No esforço de demonstrar que nem todos aqueles casos serão sentenças, para escancarar qualquer dúvida que porventura ainda houver, podemos argumentar citando o inciso IX do artigo 93 da Constituição Federal, o qual estabelece que serão públicos todos os julgamentos do Judiciário e "fundamentadas todas as decisões". Desta forma, estão abrangidas pela obrigatoriedade de fundamentação, tanto decisões interlocutórias quanto sentenças. Também o Código de Processo Civil, no artigo 458 diz que são "elementos essenciais da sentença" o relatório, os fundamentos e o dispositivo. Seu artigo 165 coloca a mesma regra para a redação de Acórdãos e acrescenta, em relação à fundamentação, que "as demais decisões serão fundamentadas, ainda que de modo conciso". Em outras palavras toda decisão deve ser fundamentada, ainda que resumidamente, e quando o ato judicial for uma sentença, a fundamentação deve ser, forçosamente, parte do silogismo ao qual pertencem relatório e dispositivo.
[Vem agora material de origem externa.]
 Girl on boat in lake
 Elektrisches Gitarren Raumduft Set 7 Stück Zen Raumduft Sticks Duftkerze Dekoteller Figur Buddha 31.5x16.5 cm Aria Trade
O relatório deve conter, por previsão legal, os nomes das partes, a suma do pedido e da resposta do réu, além do registro das principais ocorrências havidas no processo. Os fundamentos devem trazer a análise feita pelo juiz das questões de fato e de direito. No dispositivo o juiz decidirá as questões deduzidas pelas partes.

Destarte, o conceito de sentença por nós proposto anteriormente deve ser revisto pela última vez, já que nele fazíamos referência ao relatório e à fundamentação quando dizíamos "declara a lei aplicável à demanda", mas não fazíamos nenhuma menção ao outro elemento essencial: o dispositivo. Assim, sentença não é mero ato: sentença é o provimento decisório-volitivo do juiz singular que, após provocação da parte, declara a lei aplicável à demanda, com intuito de extinguir determinado módulo processual 3.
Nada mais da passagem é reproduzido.